=== Begin Enclosure ===

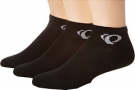 Pearl Izumi Attack Low Sock 3 Pack Size 9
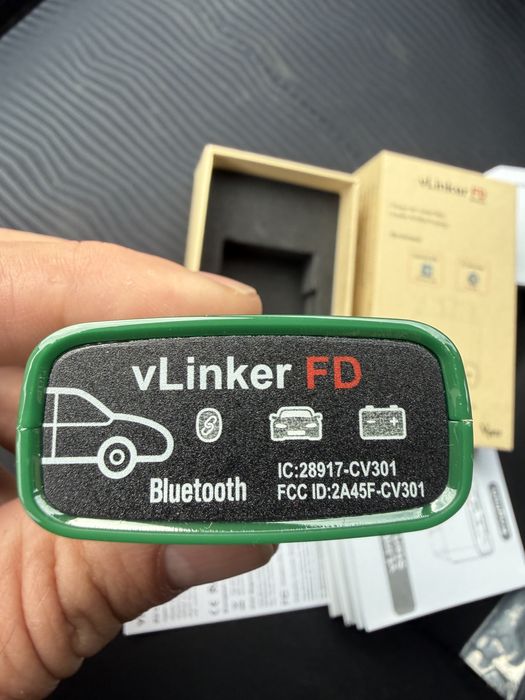 vLinker FD диагностика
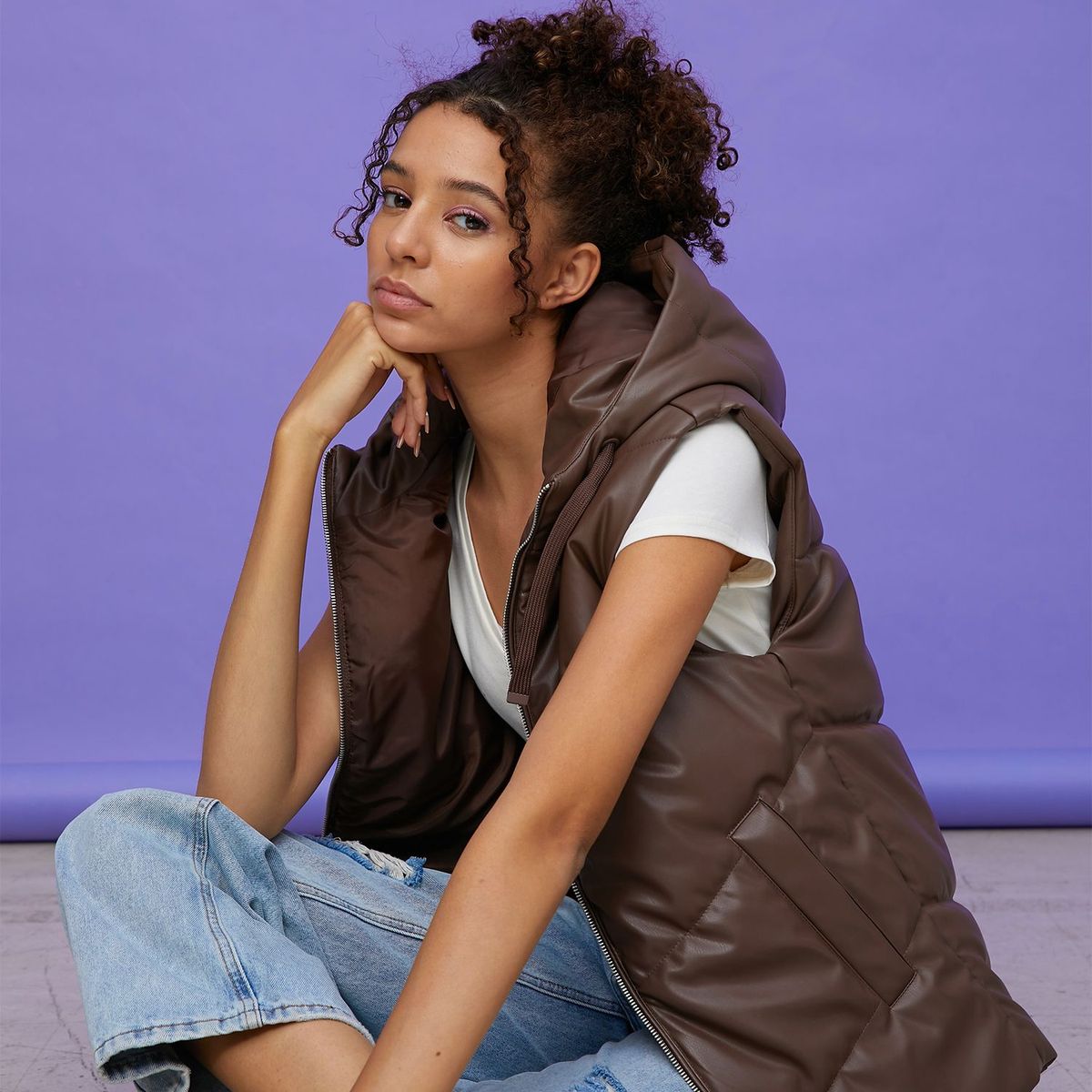 SYBILLA - Chaleco Mujer Sybilla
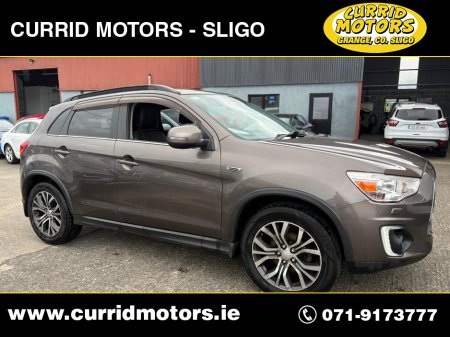 2016 Mitsubishi ASX 1.6 DID INSTYLE+ E6 4DR €12,250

=== End Enclosure ===

• **Instructions for the task**: Whenever a picture appears in the listing, leave it out; copy everything else exactly.

• **Solved problem**:
 Pearl Izumi Attack Low Sock 3 Pack Size 9
 vLinker FD диагностика
 SYBILLA - Chaleco Mujer Sybilla
 2016 Mitsubishi ASX 1.6 DID INSTYLE+ E6 4DR €12,250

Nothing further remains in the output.